Today I went to renew my tenant’s insurance. $265 a year to protect my stuff from everything that could possibly happen to it, except what might actually happen to it, if you believe what my lawyer-friend, Dexter, has to say about insurance companies.
[Ed’s Note: The lawyer-friend’s real name has been changed in response to a letter received from said lawyer-friend.]
In my renewal letter, it mentioned that I might want to up my personal liability limit, because there “have been recent awards of over $6,000,000 on auto insurance claims.” There is no reference as to where that number was reported. Dexter works almost exclusively with personal injury claims, and when we last spoke, he told me that in Canada, the awards for pain and suffering are capped at around $300,000; the case in point involved a claimant who was rendered a vegetable, needing constant care for the rest of a now drastically-shortened life. So I was curious where this number had come from. I asked the woman who was helping me. Her eyes glazed over and she looked up at the ceiling. She gave me the please-just-pay-and-go, deer-in-headlights smile, then suggested I try the ICBC website.
[Ed’s Note: Dexter (snort) has advised me that this number could be reasonable if it includes loss-of-future-earnings and other, uncapped awards.]
Next I headed out to Superstore, on the Vancouver-Burnaby border, to pick up some groceries. Superstore (doing business as “The Real Canadian Superstore”) is a discount-type box store that also caters to the Asian and East Indian populations with a great selection of exotic foods. Let’s put it this way: they sell durian.
A hundred and forty some-odd dollars later, I was on my way home, and realized my tank was almost empty. I pulled into the Petro-Canada (82.9 bejeezling cents per litre), and when I went to use the self-pay swiper, I noticed that my bankcard wasn’t in my wallet. The same bankcard, coincidentally enough, that I had successfully located and used when I was paying for my groceries.
Dammit. So I drove BACK to Burnaby, and the helpful cashier had put my card aside. “I knew you’d come back for it!” she said with a smile. Yes. Remarkable Freudian insight there, Superstore cashier person. I withheld sarcastic comment at the time, because after all, she was just being nice and doing her job. And she was cute.
Once again reaching the halfway point, I see the Petro-Canada numbers looming in the distance as I sit back comfortably on my full tank of gas: 77.9 cents per litre. Bastards! Doing some quick math, I figure I spent an entire extra dollar because I had filled up 20 minutes ago. Before their crack squad of price fixers had decided that gas needed a drastic discount. Yes, it’s only a buck. But we’re talking about principle here. When paying for gas, I am used to screaming bloody murder over tenths of cents (for reasons as valid as those used to yo-yo the price in the first place). And using that logic, 5 whole cents is an ENORMOUS expense. I felt as though I’d been pick-pocketed by Corporate Oil Greed incarnate. I was incensed. And laughing. Mostly laughing.
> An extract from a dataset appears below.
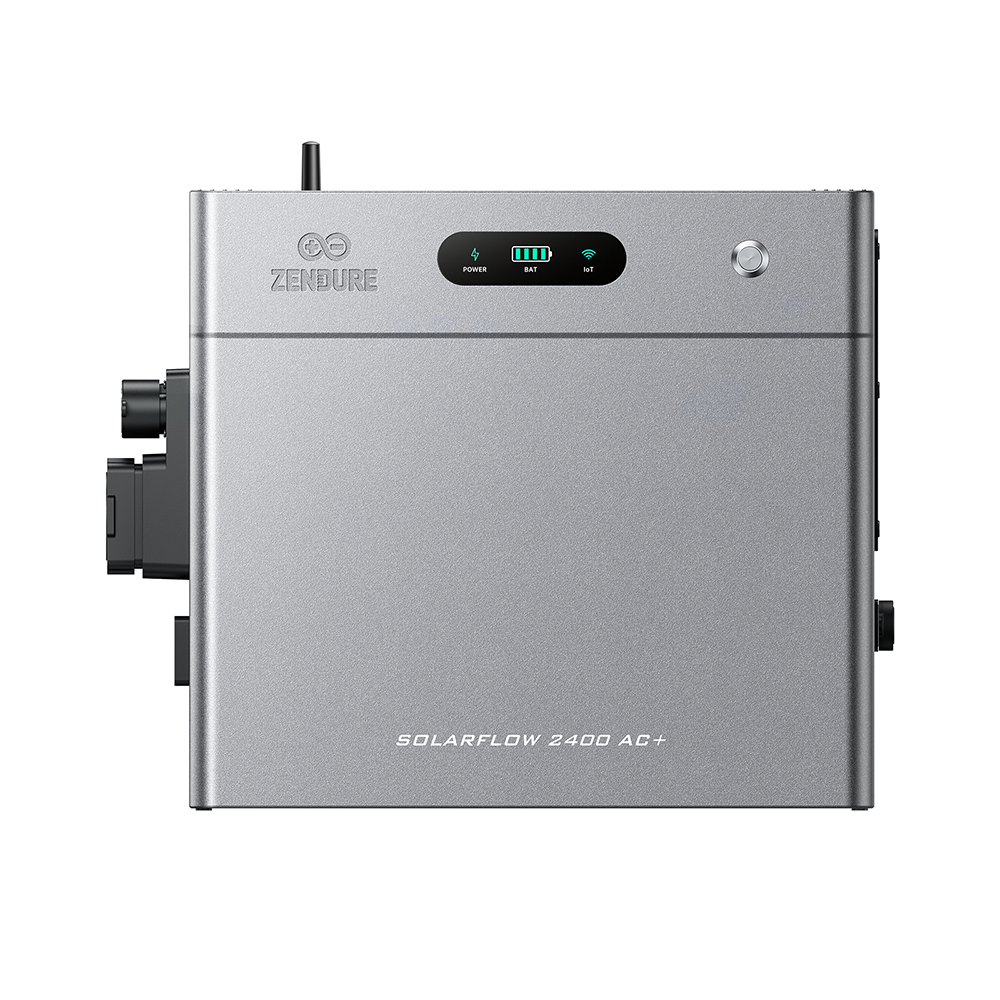 SolarFlow 2400 AC+ van Zendure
I pulled into the station and left my car idling. Jumped out and slammed my door. Marched to the glass entrance of their pay counter-turned-variety store. Yanked open the door. Clomped up the counter where and a young guy in glasses was looking in his wallet for some pennies, a victim of the dreaded $10.02 syndrome. Three uniformed Petro-Canada employees were splayed out behind the counter. I cleared my throat.
“I filled up here twenty minutes ago, at 82.9,” I said firmly. They perked up. I stretched out my arm and pointed sharply at the three blinking workers. “Shame!” I said, sweeping my arm back and forth at each of their faces. “Shaaaaaaaaaame.”
[Ed’s Note: The previous two paragraphs may have only occurred in the author’s mind.]
Then I got back in my car and drove home.